May 21, 2024
Buprenorphine Prescribing

Elimination of X Waiver for Buprenorphine Prescribing: A Step Forward, But Not Enough to Boost Utilization, According to New Study

A recent policy change in the United States that eliminated the need for a federal waiver for prescribing buprenorphine, a medication used to treat opioid addiction and prevent fatal overdoses, has led to an increase in the number of prescribers. However, the number of patients receiving this lifesaving drug has remained relatively unchanged, according to a new study published in the New England Journal of Medicine.

For years, doctors and other healthcare professionals in the U.S. required a special permission, known as an X waiver, to prescribe buprenorphine. This requirement was removed on January 12, 2023, due to an item in a major federal budget bill. As a result, any clinician with a license to prescribe controlled substances could now prescribe buprenorphine.

University of Michigan researchers conducted a study to examine the impact of this policy change on the number of buprenorphine prescribers and patients in the year following the elimination of the X waiver.
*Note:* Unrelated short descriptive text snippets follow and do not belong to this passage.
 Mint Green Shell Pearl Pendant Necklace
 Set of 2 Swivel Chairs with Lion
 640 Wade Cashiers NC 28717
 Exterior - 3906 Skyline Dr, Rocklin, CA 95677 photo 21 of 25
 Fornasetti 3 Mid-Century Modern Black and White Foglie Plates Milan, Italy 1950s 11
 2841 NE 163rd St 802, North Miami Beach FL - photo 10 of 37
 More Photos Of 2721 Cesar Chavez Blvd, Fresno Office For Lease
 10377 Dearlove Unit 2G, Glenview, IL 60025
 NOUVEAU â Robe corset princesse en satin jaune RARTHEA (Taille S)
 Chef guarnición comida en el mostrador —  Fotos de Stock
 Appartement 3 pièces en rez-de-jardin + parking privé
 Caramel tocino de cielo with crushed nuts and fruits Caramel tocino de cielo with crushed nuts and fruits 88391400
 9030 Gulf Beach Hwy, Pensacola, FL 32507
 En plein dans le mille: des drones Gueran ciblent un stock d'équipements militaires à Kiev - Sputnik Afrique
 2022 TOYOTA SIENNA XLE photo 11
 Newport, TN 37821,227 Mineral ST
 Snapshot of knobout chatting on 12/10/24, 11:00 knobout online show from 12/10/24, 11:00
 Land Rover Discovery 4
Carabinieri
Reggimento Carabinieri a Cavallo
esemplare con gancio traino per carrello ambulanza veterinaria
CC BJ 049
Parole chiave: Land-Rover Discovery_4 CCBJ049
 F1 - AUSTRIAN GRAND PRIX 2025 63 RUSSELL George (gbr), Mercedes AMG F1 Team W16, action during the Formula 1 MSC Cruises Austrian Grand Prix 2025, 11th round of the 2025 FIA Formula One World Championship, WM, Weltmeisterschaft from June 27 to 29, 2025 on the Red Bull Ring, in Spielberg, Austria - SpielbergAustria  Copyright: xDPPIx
The study found that the number of prescribers increased rapidly, with more than 53,600 clinicians prescribing buprenorphine by December 2023, up from 42,100 in December 2022.

Despite the increase in available treatment providers, the number of patients receiving buprenorphine remained stagnant. In any given month of 2022, approximately 810,000 to 830,000 Americans were prescribed buprenorphine, and these numbers changed little after January 2023.

“Our findings suggest that elimination of the federal waiver requirement reduced barriers to buprenorphine prescribing but unfortunately was insufficient to increase overall use,” said Kao-Ping Chua, M.D., Ph.D., the study’s first author.

The study also found a small increase in the number of new patients starting buprenorphine treatment in January 2023, with more than 48,200 patients starting the medication in December 2023, up from 46,500 in December 2022. However, people with opioid addiction often need to take buprenorphine daily for months to years to overcome addiction, making it essential to address the underlying barriers to accessing this medication.

The researchers believe that the stigma surrounding opioid addiction treatment and the challenges of adding new types of care and support in overburdened primary care and pain clinics may be contributing to the low number of patients receiving buprenorphine treatment.

The study’s senior author, Thuy Nguyen, Ph.D., emphasized the importance of addressing these barriers to increase the utilization of buprenorphine treatment. “The government’s decision to eliminate the waiver was designed to decrease barriers to buprenorphine prescribing and promote access to this lifesaving drug. However, our findings highlight the need to address the many other barriers to buprenorphine prescribing that must be overcome.”

The researchers have previously shown that even with earlier policy changes, such as telehealth-based prescribing and allowing prescribers to obtain an X waiver to prescribe buprenorphine to fewer patients without undergoing extensive training, the number of new patients using buprenorphine for the first time remained flat between 2019 and 2022.

The study’s authors include Kao-Ping Chua, M.D., Ph.D., Amy Bohnert, Ph.D., Mark Bicket, M.D., Ph.D., Pooja Lagisetty, Ph.D., Rena Conti, Ph.D., and Thuy Nguyen, Ph.D., all of whom have been involved in the Michigan Opioid Collaborative (MOC) effort to increase the availability of buprenorphine to patients in Michigan. The MOC team has helped primary care providers, hospitals, and others increase the availability of buprenorphine to patients through free consultations, training events, and more.

The MOC team’s findings from the effort’s first years were published in JAMA Network Open. The study showed a clear, sharp rise in both prescribers offering the treatment and people receiving it in counties where MOC had a presence, compared with those where it wasn’t yet available. MOC now covers all areas of the state, though the study covers a time period through 2020 when there were still more than 20 counties not yet participating.

*Note:
1. Source: Coherent Market Insights, Public sources, Desk research
2. We have leveraged AI tools to mine information and compile it.